Then- June 28, 1998
The month is almost over. Six months involved with my boyfriend. It was a good weekend. His sister and her son could not get through on their flights due to thunder storms and bad weather. Friday night we went to Benny’s for dinner and then I fell asleep in a movie. Saturday we hit golf balls and went rollerblading. We were going to go to a movie but stopped off at an outside event at Lincoln Center. We went to Tower Records and a café for dessert. I really felt like it was one of the better days we’ve had. Today we shopped for clothes for him, looked at kittens, checked out schools for me and worked out. We got a file cabinet and some pictures. It’s starting to feel more like home. It’s a good thing.

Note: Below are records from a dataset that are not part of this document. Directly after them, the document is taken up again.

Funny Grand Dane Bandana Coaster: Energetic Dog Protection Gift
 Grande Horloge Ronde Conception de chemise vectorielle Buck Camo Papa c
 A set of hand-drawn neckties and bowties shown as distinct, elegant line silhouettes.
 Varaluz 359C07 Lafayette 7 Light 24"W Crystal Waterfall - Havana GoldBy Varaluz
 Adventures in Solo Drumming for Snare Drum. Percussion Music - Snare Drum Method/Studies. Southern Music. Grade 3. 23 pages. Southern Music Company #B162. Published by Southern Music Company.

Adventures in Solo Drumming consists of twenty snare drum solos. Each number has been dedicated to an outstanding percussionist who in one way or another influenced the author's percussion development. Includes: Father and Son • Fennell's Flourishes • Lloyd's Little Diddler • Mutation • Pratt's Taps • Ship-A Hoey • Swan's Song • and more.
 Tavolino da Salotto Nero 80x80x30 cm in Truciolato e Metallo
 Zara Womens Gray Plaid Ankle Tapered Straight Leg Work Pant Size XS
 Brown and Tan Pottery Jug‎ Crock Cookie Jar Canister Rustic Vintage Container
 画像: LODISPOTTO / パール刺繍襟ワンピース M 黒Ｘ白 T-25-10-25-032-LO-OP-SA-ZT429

We are talking about getting a new kitten. I hope my old cat doesn’t eat it.
I still want to write my book. I know I need to write it just for me. Am I ever going to find myself? The closest I was, was when I was by myself in LA. Somehow I miss that feeling of being free. Could I leave him? I can’t even imagine saying goodbye. Somehow I know I am supposed to be with him. There’s just a part of me that needs to be free.
Now – Free. Is it possible to be free and be in a relationship? Can I feel free and yet supported and loved in my current marriage? It doesn’t seem that likely, but I haven’t given up. Is freedom something that women give up when they get married and have children? Do single women have the freedom I think I crave?
We have been in DC and are now in NYC with friends. It’s amazing to be back and see people and places we’ve missed. I still feel like I can twirl in the middle of Lincoln Center with the Chagalls high above. I wander around NYC and see heaven and hell here at the same time. Maybe life is not so different? Maybe we just need to find more places to twirl and create our own bit of heaven.